Potrei andare avanti per ore, portando in dote migliaia di esempi che però Lei, da Ministro del Lavoro, quantomeno dovrebbe conoscere meglio del sottoscritto. Ma non andrò avanti: anche perché Lei, o chi la pensa come Lei, mi replicherebbe a tono, dicendomi che in quelle parole non c'era intenzione alcuna di delegittimare le ambizioni, tarpare le ali ai sogni, anzi: c'era semplicemente, ed al contrario, la volontà di invogliare alla flessibilità ed alla disponibilità, in un momento così poco felice, ed in attesa di tempi migliori. 

        

Ma noi non vogliamo essere flessibili, né tantomeno disponibili, cara Elsa. Noi vogliamo vivere in un Paese in cui la strada che porta ai nostri sogni sia non solo tangibile ed asfaltata, ma percorribile. Ovvio, con le nostre gambe, consci di quanto sia irto di ostacoli ed avversità quel percorso: ma il cartello con su scritto "Divieto d'accesso", a bordo strada, tenetevelo per voi. 

Voi, generazione corruttibile e corrotta, voi che avete avuto per decenni in mano le redini di quel bel burattino di nome "Italia", voi che le tante possibilità e strade che offriva questo Paese, la sua Economia, ed il suo mercato del lavoro, avete prima attraversato e poi calpestato, occludendocene l'accesso. 

Voi che adesso, dall'alto degli scranni del potere, vi permettete di chiederci le stesse "lacrime e sangue" che voi avete provocato, voi che chiedete a noi di scontare gli irreversibili danni socio-economici che la vostra generazione ha compiuto.

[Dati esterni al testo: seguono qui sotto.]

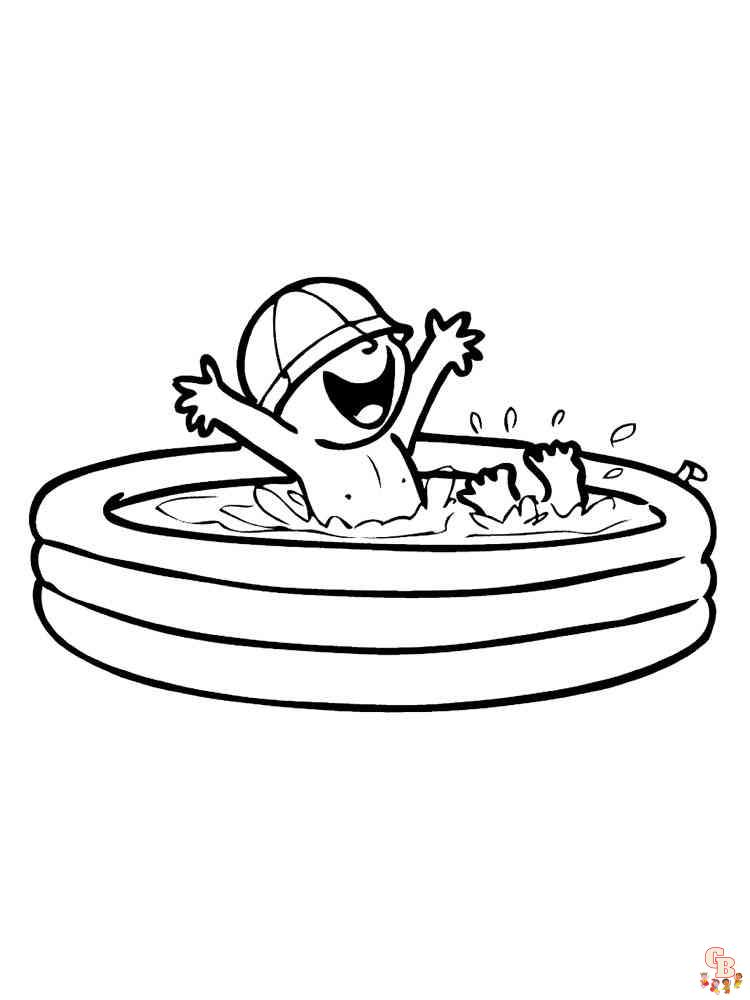 Dive into fun with swimming pool coloring pages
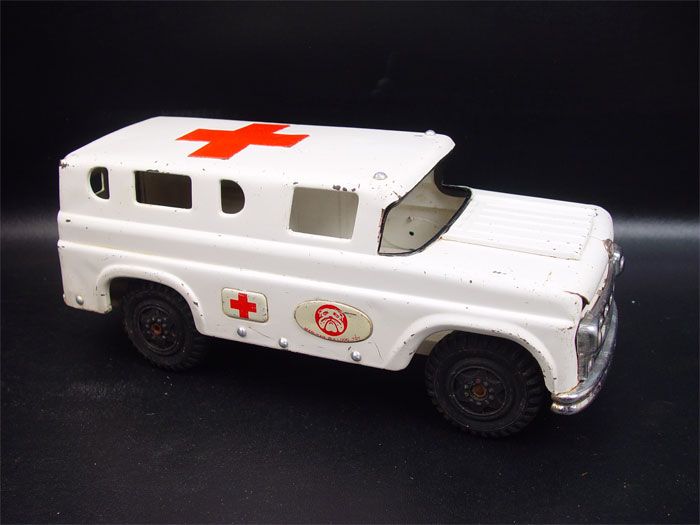 Marusan Japan Bulldog Toy Ambulance Pressed Steel 1950s  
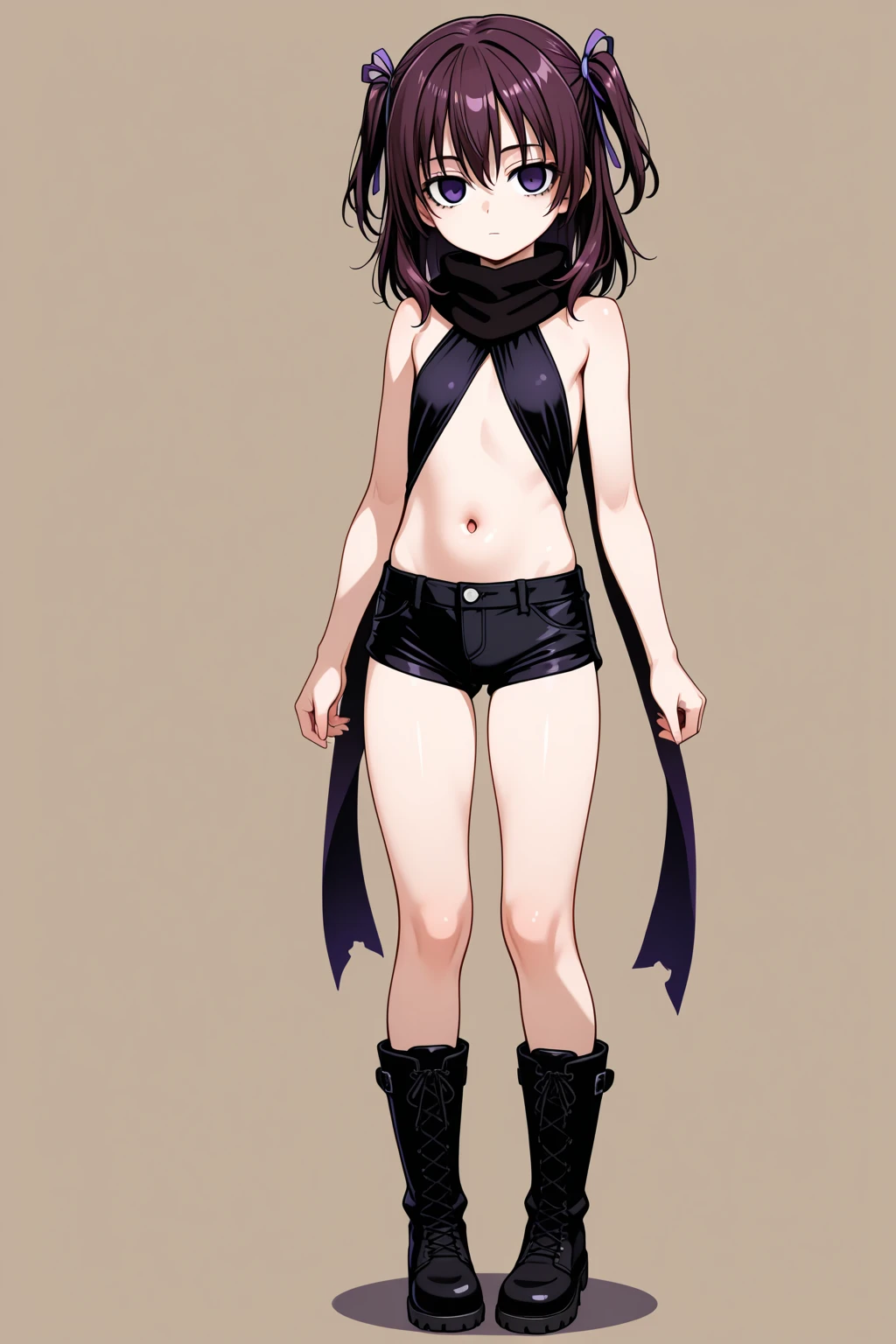 skinny girl in black bra and black leather loincloth, black choker, (no background)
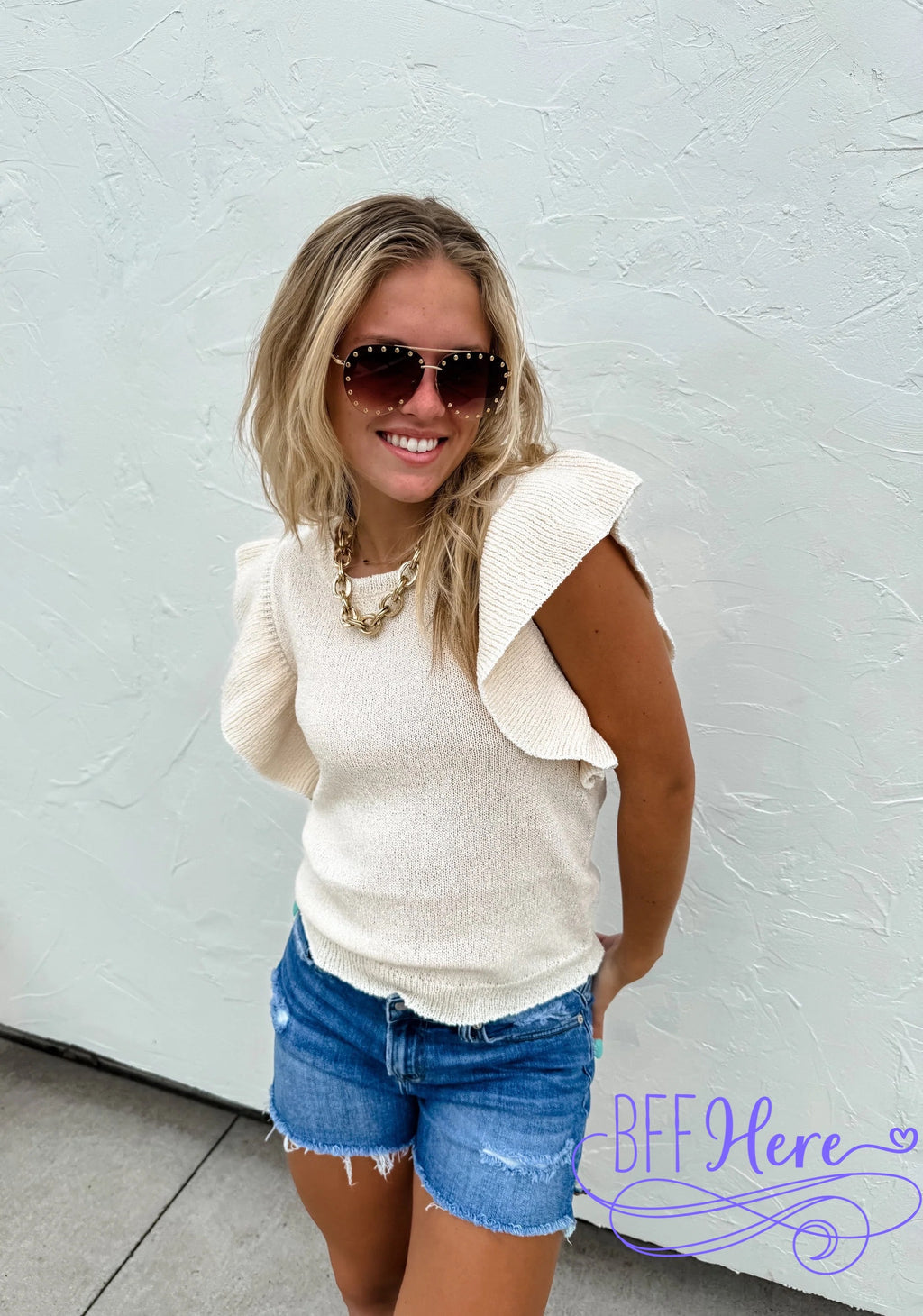 PREORDER: Chic Frills: Ruffle Sleeve Knit Top / Choice of Color by Jodifl (Ships Beginning of April) - BFF Here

Voi, che il cartello di "Divieto d'accesso" vorreste piantarlo ex abrupto sulla strada che porta ai nostri sogni, e che invece dovreste collocare lì, a metà via tra le vostre coscienze ed il nostro dolore.

 

Il dolore di tutti noi, cui adesso, dopo averci lasciato in eredità le vostre brutture, dovreste chiedere, invece di non esser choosy, di tenere gli occhi chiusi. 

Lo faremmo di buon grado, caro ministro. Un po' perché l'alternativa, di fatto, non ce l'abbiamo. Ed un po' perché se c'è un modo, ad oggi, di trasformare in realtà i propri sogni, è proprio quello: tener gli occhi chiusi. 

Anzi, gli occhi choosy: proprio come piace a Lei.

 

P.S.: Stavo scherzando, Ministro. In realtà abbiamo tutti 30 anni, viviamo ancora a casa, ed a spese dei nostri genitori, e se non ci si propone un lavoro da almeno 2000 euro al mese a massimo 5 chilometri da casa, ci sputiamo sopra. Così come sputiamo dentro al brodino che fa mammà, se lo fa col dado piuttosto che con la gallina

 

P.P.S.: Occhio, che 'Lucignolo' era un film: e non a caso.

 

P.P.P.S.: Stavo scherzando di nuovo, quando dicevo che non posso permettermi un avvocato. Anzi, sappia che, se volesse querelarmi, il mio plotone di monarchi del Foro è pronto a combattere. Li pagherò a rate millenarie, se necessario: tanto loro choosy non sono a-s-s-o-l-u-t-a-m-e-n-t-e.